Friday, June 7, 2013

Menu for June 9, 2013 through June 15, 2013

Mark and I had so much fun in the beautiful weather last weekend!  We spent some time on our neighbor's farm-- they have such a beautiful property!  And we even got to see baby ducklings that had just been born that morning AND baby turkeys.  The river that follows our road is at the back of their yard-- look at this view!


I also did the last test for a wedding dessert (my mom and I are making desserts for my cousin's wedding coming up on 6/22!).  These blueberry pie bars are delicious!   Also very easy to make and a great summer dessert.  I used frozen blueberries, but I'm excited to try them with fresh blueberries after we go blueberry picking this summer.  I'll be making these bars for the REAL EVENT in just about a week!  Can't wait!  Speaking of which, I will probably do a post at some point that details the planning process and all the desserts my mom and I ended up making.

Blueberry Pie Bars

The first dinner this week is my current favorite-- pearled barley salad with cherries and arugula.  I enjoyed every last bite of that salad last week.  I couldn't decide which element I liked the best- the pearled barley, the plump cherries, the cheese, the arugula?  It was all so good!  Also on the menu is high protein garlic mashed potatoes (because it's been too long and I have some potatoes I need to eat) and flavor packed lemon thyme chicken.  For the seventh dinner I recommend doing a clean out your fridge/freezer meal.  Look and see if you have any random leftovers or ingredients that haven't been used and throw something together.  Every once in a while I need to do that so I don't end up wasting food!

Dinners for the Week

Sunday:  Pearled Barley Salad with Cherries and Arugula
  •  Make the full recipe and eat half tonight, have the leftovers on Tuesday.  Note that this makes four fairly LARGE servings!

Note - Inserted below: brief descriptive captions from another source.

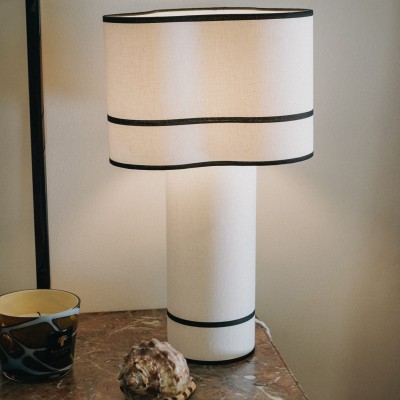 Stolna lampa s valovitim sjenilom i kontrastnim detaljem
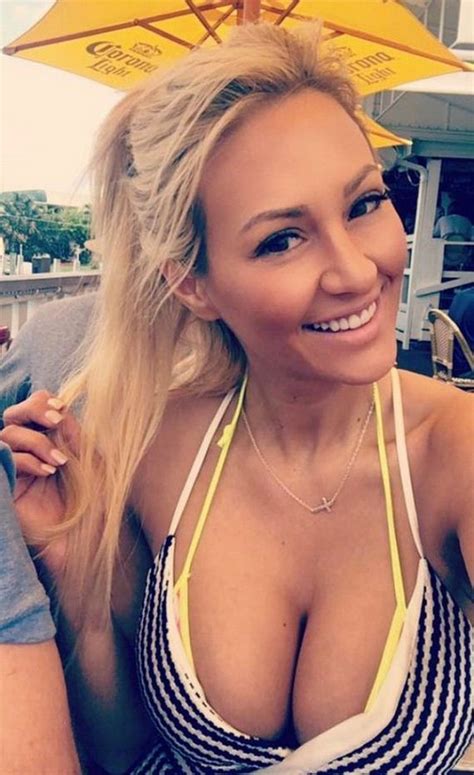 You're always in my thoughts. Girls With Awesome Cleavage - Barnorama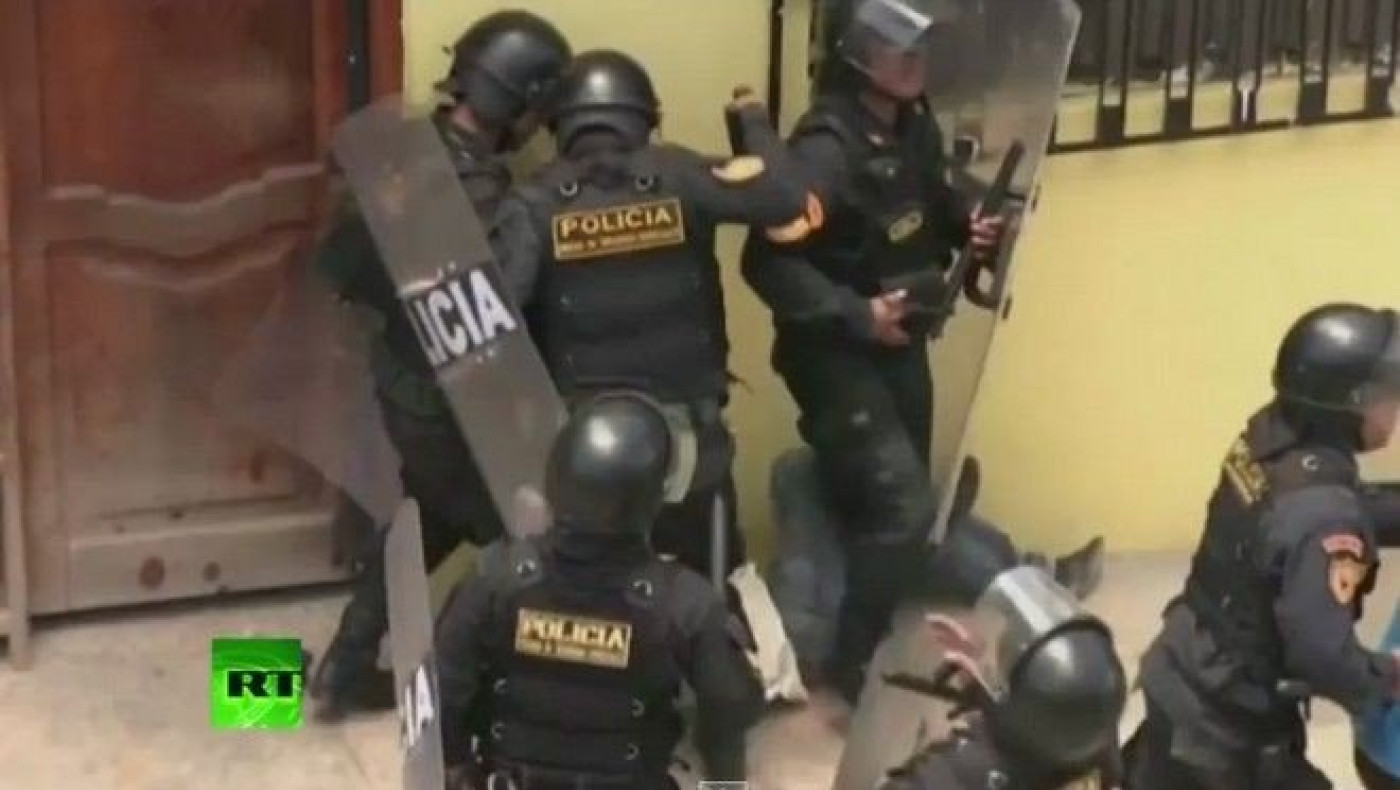 Περουβιανός δολοφονείται από αστυνομικούς επειδή αντιστεκόταν σε έξωση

Pearled Barley Salad with Cherries and Arugula

Monday: Lemon Thyme Chicken with Garlicky Quinoa and salad/veggies of choice on the side
  • Make the full recipe and eat half tonight, have leftovers on Wednesday.
Lemon Thyme Chicken with Garlicky Quinoa











Tuesday: Leftover Pearled Barley Salad

Wednesday: Leftover Lemon Thyme Chicken + sides

Thursday: High Protein Loaded Garlic Mashed Potatoes with toppings of choice
  • Make the full recipe and eat half tonight, have leftovers on Saturday.  
High Protein Loaded Garlic Mashed Potatoes


Friday: Clean out the fridge/freezer!  Look and see if you have any random leftovers or ingredients that haven't been used and throw something together.   Maybe you have veggie burgers?
Spicy Chickpea Veggie Burgers


Saturday: Leftover High Protein Loaded Garlic Mashed Potatoes

Hope you have a delicious week :)

1 comment:

  1. Peanut butter cup pancake?! Mark is a lucky guy. A certain un-named wife (and mother of a food blogger) has never even thought of making me peanut butter cup pancakes. Way to go Mark!